[What to do] Nothing but the lines from the start of the entries below through the line containing "Hoang Gia Hotel Nhan Hoa ฮานอย ภายนอก รูปภาพ" should appear in the answer, copied exactly and free of pictures.

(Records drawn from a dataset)
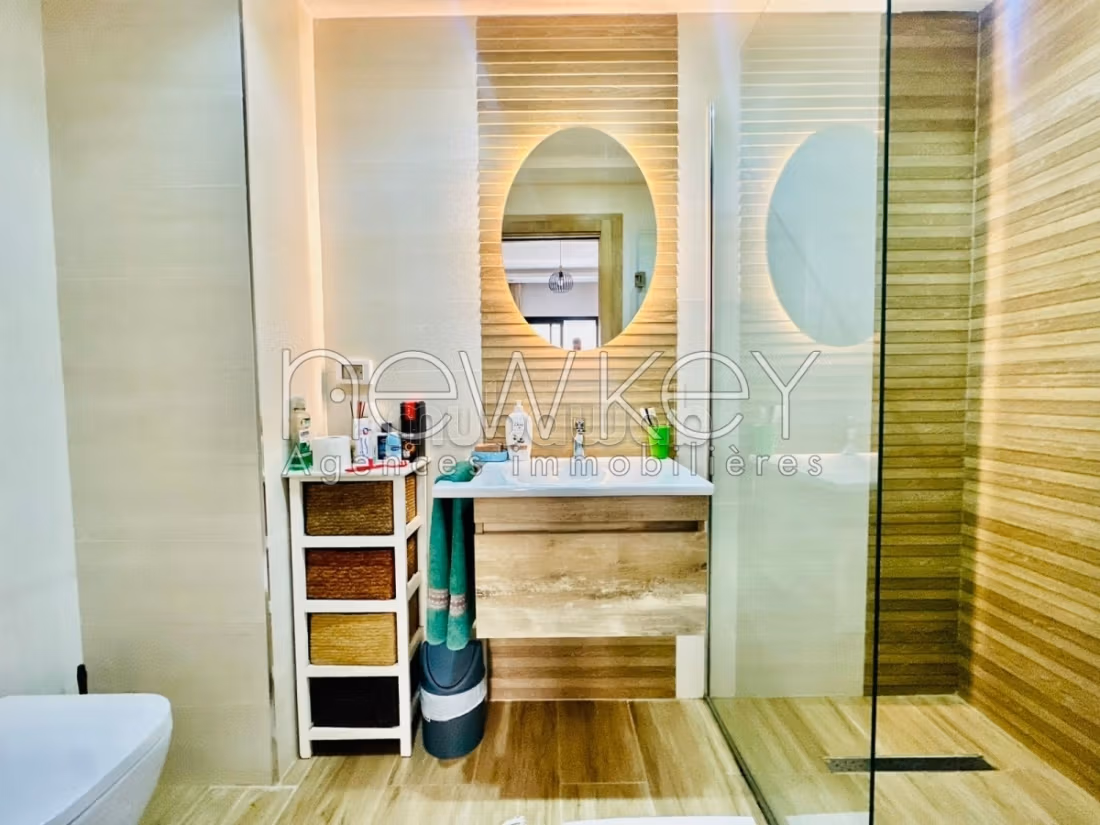 Somptueuse villa S3 a vendre à La Soukra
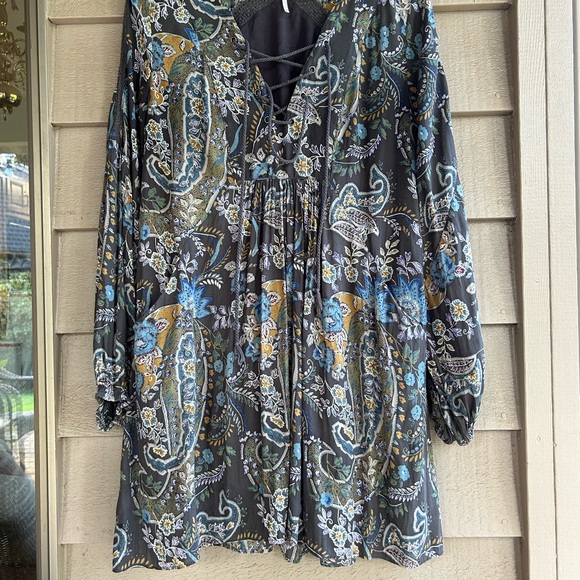 Free People mini dress or Tunic style 33” length. Paisley knit trim lace up neck - Picture 1 of 10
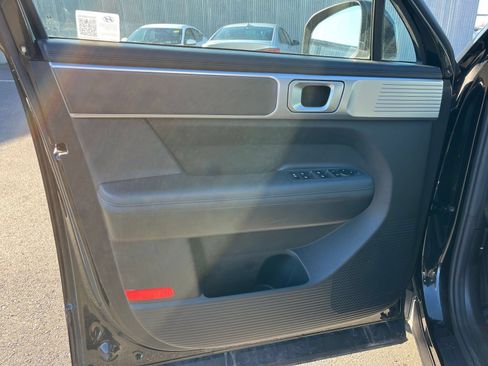 Used 2025 Hyundai Santa Fe SEL FWD image 18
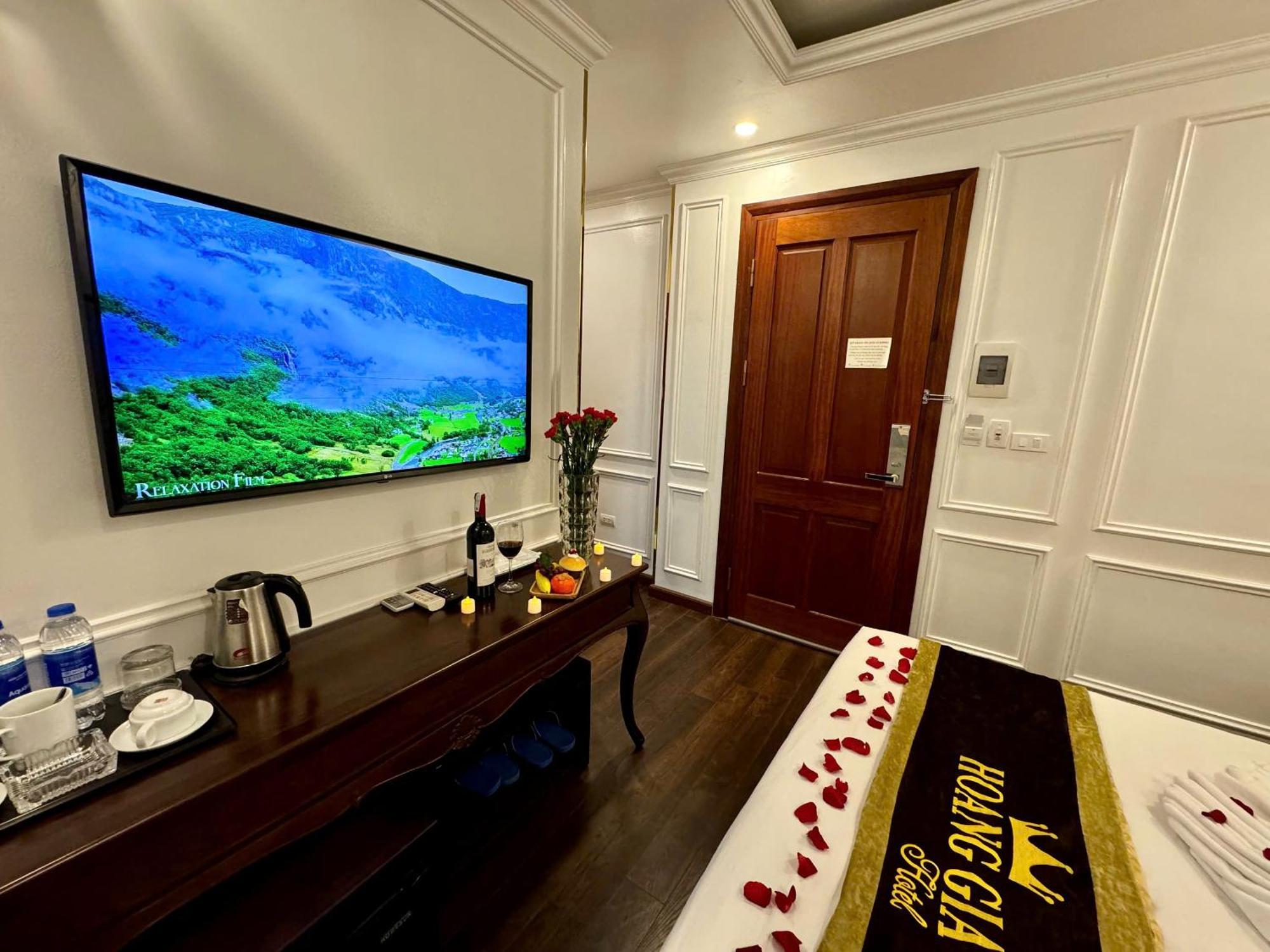 Hoang Gia Hotel Nhan Hoa ฮานอย ภายนอก รูปภาพ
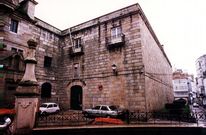 El cuartel de Santo Domingo, ahora Tribunal Militar, se convirti� en c�rcel para la Junta de Defensa. 
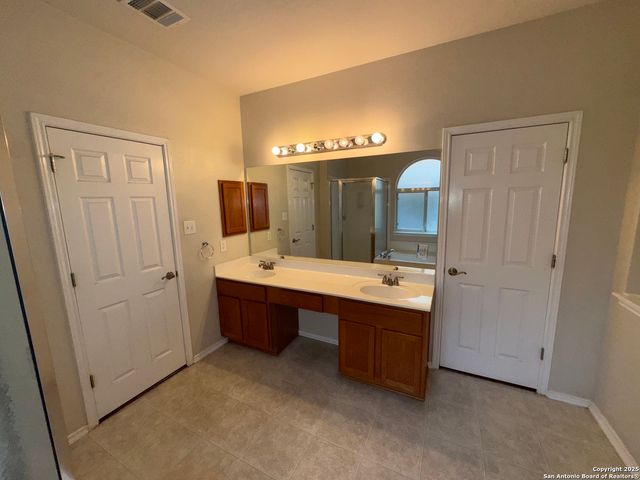 4922 MACEY TRL, San Antonio, TX 78253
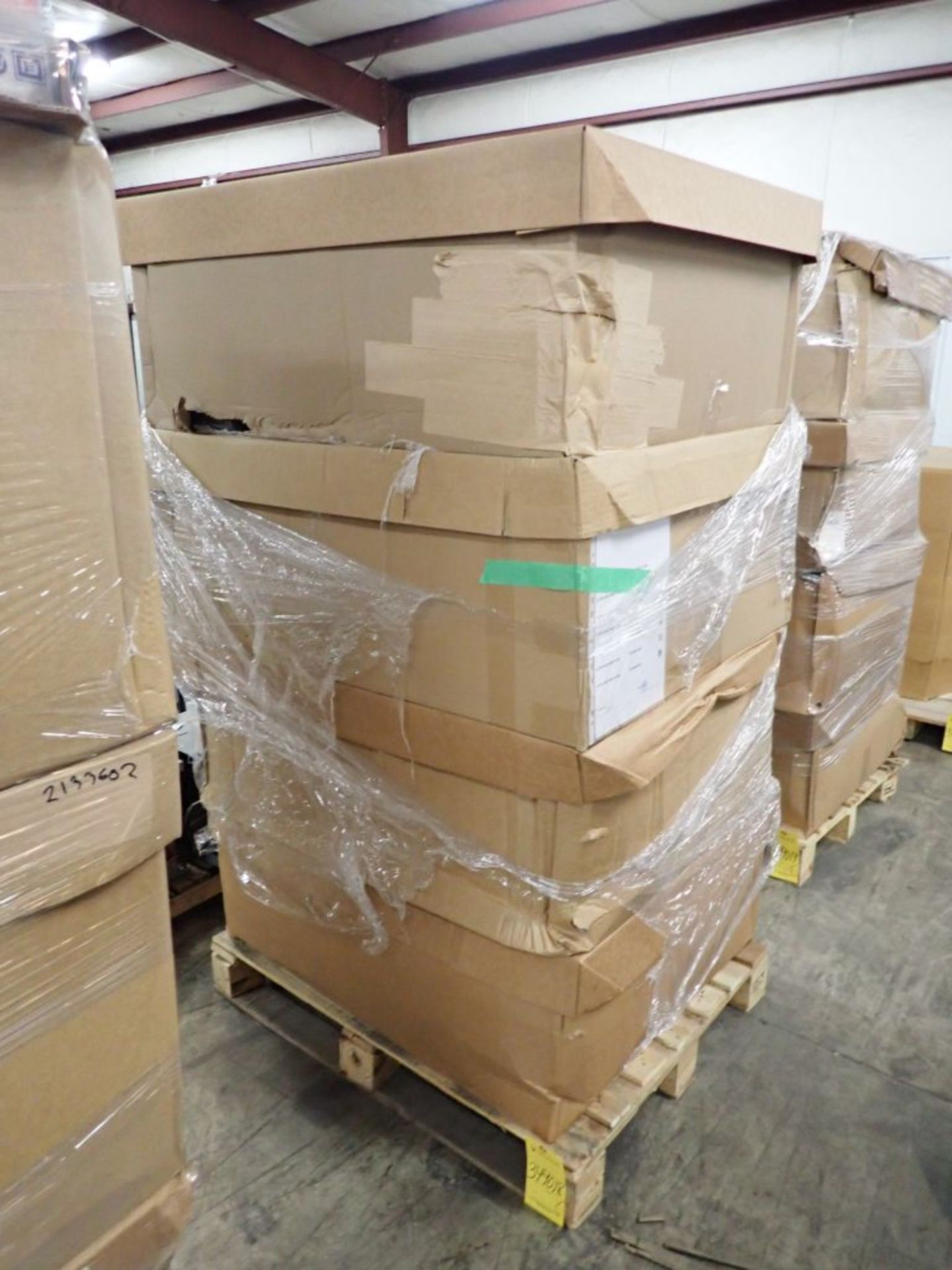 Lot of 24 Vertiv 100A Busway P/N ULTB3-100SF-ABB-3P-100A, 100A, 600V, 3PH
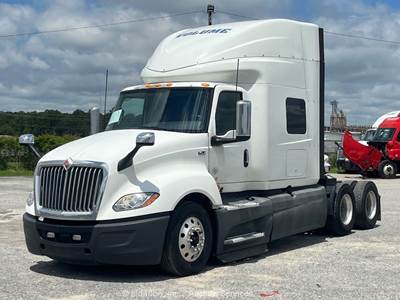 2020 International LT625 T/A High Roof  Sleeper Truck Tractor X15 A/T bidadoo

[Result of this task]
 Somptueuse villa S3 a vendre à La Soukra
 Free People mini dress or Tunic style 33” length. Paisley knit trim lace up neck - Picture 1 of 10
 Used 2025 Hyundai Santa Fe SEL FWD image 18
 Hoang Gia Hotel Nhan Hoa ฮานอย ภายนอก รูปภาพ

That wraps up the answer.